Record extracts:
---+---

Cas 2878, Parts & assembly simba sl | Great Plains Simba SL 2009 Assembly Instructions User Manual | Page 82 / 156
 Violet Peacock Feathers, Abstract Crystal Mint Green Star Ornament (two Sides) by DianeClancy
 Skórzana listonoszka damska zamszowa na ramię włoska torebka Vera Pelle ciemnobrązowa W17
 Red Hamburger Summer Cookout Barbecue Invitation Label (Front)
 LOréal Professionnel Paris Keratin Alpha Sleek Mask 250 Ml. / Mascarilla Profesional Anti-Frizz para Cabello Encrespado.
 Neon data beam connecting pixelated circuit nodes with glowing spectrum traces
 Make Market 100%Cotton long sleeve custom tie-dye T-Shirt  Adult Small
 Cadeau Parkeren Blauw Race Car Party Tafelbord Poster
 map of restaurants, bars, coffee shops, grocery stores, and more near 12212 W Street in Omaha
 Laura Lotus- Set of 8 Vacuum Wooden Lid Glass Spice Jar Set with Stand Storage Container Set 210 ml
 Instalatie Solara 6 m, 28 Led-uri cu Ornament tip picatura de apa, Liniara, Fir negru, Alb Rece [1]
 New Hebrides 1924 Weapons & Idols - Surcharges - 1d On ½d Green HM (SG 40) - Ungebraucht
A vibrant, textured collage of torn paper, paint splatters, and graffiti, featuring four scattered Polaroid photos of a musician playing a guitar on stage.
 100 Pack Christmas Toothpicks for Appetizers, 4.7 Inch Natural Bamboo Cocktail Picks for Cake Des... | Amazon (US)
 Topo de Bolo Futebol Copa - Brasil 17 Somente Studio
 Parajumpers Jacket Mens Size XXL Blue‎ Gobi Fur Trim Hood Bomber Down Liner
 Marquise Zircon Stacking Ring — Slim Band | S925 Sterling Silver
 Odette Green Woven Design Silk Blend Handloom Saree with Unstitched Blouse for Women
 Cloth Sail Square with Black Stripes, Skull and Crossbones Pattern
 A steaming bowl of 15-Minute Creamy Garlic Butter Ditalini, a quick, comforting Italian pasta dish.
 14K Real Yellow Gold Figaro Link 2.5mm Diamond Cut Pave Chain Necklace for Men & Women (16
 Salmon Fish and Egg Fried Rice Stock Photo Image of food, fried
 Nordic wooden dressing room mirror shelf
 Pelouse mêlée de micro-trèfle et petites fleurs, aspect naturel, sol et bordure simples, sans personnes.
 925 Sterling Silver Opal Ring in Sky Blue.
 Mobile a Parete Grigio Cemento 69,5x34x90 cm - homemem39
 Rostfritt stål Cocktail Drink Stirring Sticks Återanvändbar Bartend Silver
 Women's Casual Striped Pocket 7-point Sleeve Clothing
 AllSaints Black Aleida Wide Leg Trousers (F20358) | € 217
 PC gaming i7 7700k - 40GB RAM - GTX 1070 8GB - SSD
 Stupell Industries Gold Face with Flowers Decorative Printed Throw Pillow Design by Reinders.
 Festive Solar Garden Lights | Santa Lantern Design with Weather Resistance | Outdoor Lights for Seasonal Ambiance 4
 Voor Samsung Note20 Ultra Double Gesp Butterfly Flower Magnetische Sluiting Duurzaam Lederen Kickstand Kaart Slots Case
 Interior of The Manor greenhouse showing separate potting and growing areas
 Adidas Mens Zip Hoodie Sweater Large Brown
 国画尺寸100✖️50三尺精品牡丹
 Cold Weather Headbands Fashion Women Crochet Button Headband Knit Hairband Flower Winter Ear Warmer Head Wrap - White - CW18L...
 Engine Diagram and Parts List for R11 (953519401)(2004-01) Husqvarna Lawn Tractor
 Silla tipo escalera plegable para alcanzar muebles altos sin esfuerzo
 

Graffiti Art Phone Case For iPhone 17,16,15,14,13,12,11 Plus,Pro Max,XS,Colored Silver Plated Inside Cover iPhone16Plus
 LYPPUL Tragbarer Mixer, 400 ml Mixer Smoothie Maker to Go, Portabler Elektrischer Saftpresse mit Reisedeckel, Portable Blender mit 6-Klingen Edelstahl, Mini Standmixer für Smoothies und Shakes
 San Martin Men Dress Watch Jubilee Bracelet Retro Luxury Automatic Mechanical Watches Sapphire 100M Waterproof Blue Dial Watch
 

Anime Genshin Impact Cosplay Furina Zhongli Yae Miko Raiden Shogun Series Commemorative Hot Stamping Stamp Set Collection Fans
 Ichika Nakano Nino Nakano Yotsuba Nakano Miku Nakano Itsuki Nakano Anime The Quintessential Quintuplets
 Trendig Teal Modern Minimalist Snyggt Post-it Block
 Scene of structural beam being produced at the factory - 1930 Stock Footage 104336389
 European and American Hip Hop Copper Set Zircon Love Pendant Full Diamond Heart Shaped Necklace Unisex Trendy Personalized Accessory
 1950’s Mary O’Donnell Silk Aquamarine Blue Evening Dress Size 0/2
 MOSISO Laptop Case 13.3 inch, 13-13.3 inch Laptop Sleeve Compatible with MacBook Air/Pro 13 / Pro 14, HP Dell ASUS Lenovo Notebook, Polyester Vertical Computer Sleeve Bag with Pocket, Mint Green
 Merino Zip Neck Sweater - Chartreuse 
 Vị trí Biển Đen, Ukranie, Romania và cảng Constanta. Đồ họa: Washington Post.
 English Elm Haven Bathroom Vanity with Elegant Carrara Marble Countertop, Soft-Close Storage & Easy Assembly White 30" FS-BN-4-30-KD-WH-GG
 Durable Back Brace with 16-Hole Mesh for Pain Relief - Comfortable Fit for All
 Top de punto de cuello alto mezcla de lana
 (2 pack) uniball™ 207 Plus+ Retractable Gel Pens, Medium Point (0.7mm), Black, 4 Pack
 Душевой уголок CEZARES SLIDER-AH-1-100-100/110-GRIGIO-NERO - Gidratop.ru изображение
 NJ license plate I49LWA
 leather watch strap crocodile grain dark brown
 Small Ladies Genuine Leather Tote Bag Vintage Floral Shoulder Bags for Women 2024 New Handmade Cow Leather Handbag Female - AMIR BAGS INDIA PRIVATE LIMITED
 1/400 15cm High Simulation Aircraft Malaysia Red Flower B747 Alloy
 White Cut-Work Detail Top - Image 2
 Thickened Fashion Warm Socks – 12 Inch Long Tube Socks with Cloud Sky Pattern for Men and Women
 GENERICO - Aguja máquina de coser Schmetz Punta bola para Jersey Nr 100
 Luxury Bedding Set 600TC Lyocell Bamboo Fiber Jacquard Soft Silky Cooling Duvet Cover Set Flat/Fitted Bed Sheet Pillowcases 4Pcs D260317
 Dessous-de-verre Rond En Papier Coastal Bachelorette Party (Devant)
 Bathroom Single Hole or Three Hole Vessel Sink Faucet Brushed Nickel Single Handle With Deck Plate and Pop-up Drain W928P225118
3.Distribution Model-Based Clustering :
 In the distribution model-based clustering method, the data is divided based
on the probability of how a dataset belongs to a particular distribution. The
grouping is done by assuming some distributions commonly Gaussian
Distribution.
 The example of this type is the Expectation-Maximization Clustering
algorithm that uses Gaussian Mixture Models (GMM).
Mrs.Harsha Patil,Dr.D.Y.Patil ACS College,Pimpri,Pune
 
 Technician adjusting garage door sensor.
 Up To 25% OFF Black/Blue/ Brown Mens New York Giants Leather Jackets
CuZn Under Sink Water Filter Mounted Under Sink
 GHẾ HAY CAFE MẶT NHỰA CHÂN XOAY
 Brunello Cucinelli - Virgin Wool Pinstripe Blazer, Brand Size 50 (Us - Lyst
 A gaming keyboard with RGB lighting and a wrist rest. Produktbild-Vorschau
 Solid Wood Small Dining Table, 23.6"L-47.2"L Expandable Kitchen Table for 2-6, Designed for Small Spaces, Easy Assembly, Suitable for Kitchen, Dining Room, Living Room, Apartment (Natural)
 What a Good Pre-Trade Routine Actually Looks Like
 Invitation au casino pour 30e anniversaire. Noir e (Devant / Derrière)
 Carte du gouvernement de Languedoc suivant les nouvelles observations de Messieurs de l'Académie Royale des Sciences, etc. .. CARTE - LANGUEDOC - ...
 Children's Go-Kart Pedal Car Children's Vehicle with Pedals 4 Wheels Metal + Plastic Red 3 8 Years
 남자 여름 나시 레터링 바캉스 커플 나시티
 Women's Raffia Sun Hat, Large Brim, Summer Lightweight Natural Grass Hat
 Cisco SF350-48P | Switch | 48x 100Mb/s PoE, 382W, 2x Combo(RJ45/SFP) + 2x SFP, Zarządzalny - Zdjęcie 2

---+---

Exercise brief: Quote, with nothing altered, all lines from the start of the entries to the line that carries "map of restaurants, bars, coffee", inclusive.

Problem solution:
Cas 2878, Parts & assembly simba sl | Great Plains Simba SL 2009 Assembly Instructions User Manual | Page 82 / 156
 Violet Peacock Feathers, Abstract Crystal Mint Green Star Ornament (two Sides) by DianeClancy
 Skórzana listonoszka damska zamszowa na ramię włoska torebka Vera Pelle ciemnobrązowa W17
 Red Hamburger Summer Cookout Barbecue Invitation Label (Front)
 LOréal Professionnel Paris Keratin Alpha Sleek Mask 250 Ml. / Mascarilla Profesional Anti-Frizz para Cabello Encrespado.
 Neon data beam connecting pixelated circuit nodes with glowing spectrum traces
 Make Market 100%Cotton long sleeve custom tie-dye T-Shirt  Adult Small
 Cadeau Parkeren Blauw Race Car Party Tafelbord Poster
 map of restaurants, bars, coffee shops, grocery stores, and more near 12212 W Street in Omaha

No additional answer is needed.